Work item
Don't include any picture when you restate the data word for word.

Given data

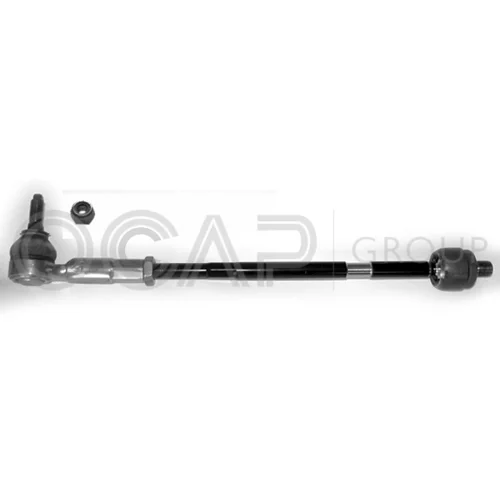 Spojovacia tyč riadenia OCAP 0581897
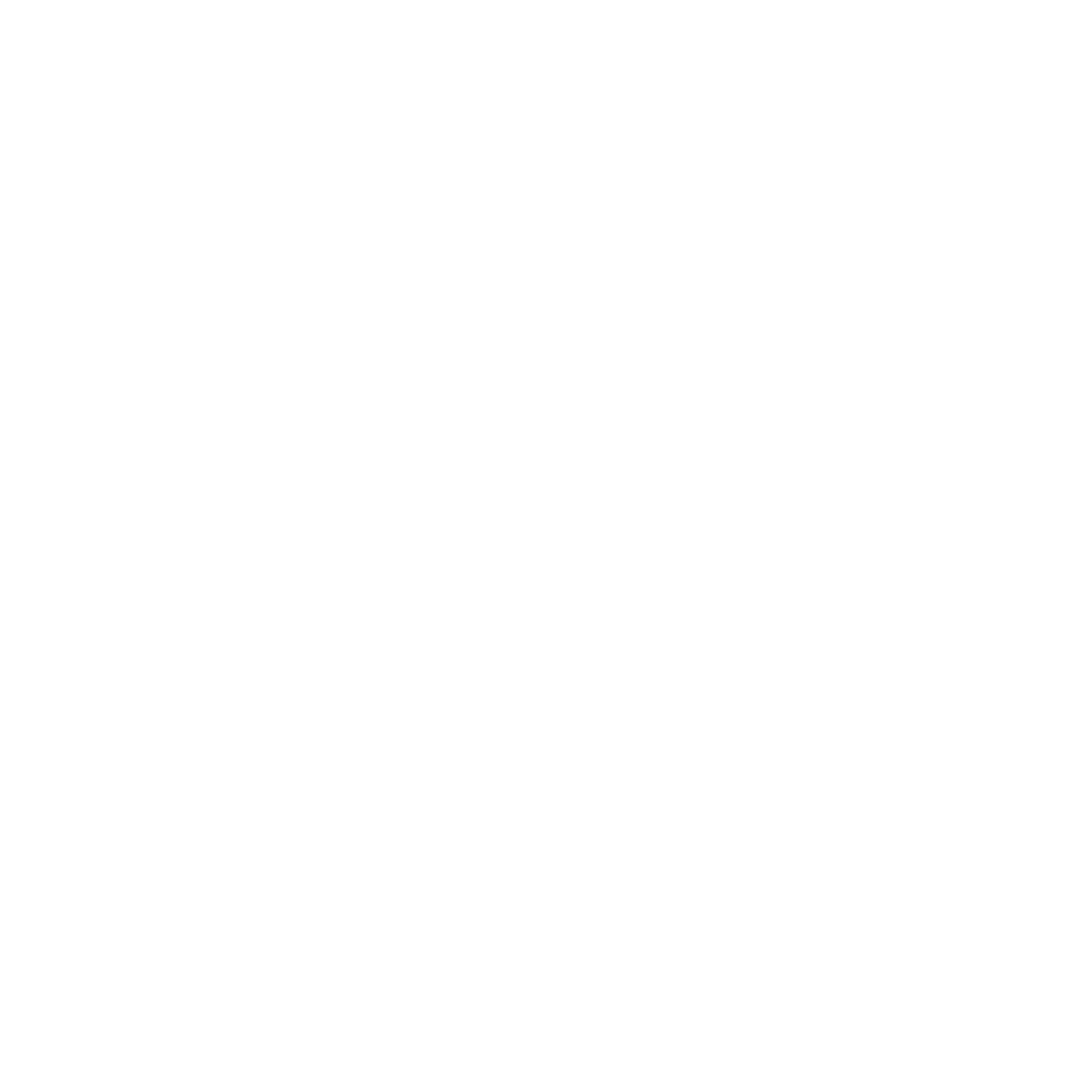 Amela Besic — view 02
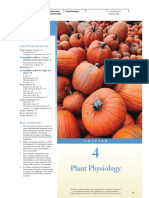 4. Plant Physiology.pdf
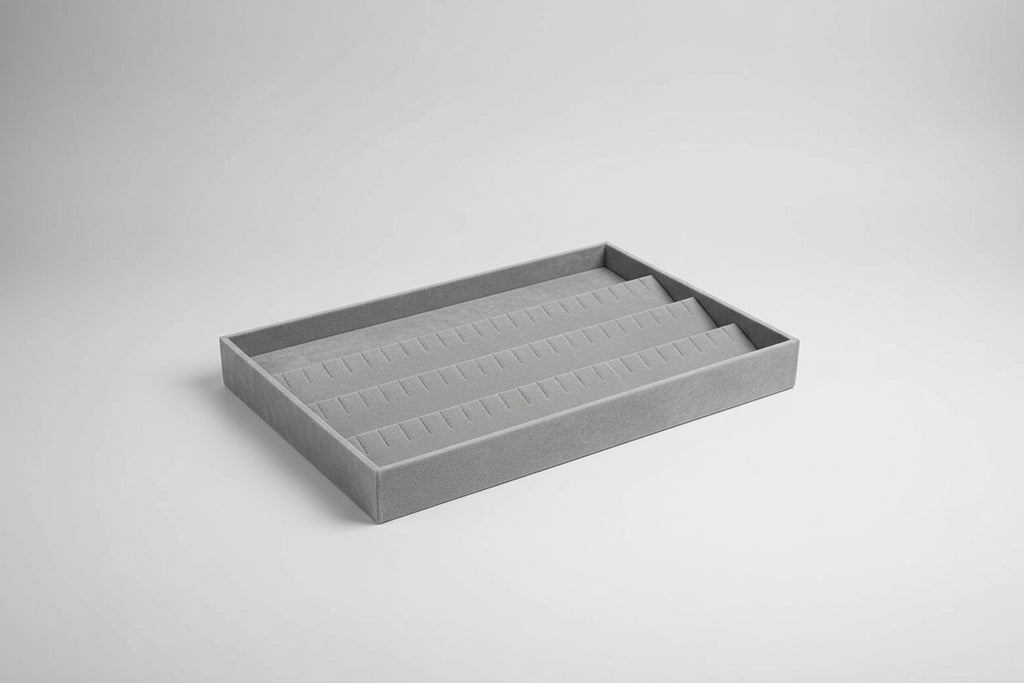 Earring Tray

Answer area
 Spojovacia tyč riadenia OCAP 0581897
 Amela Besic — view 02
 4. Plant Physiology.pdf
 Earring Tray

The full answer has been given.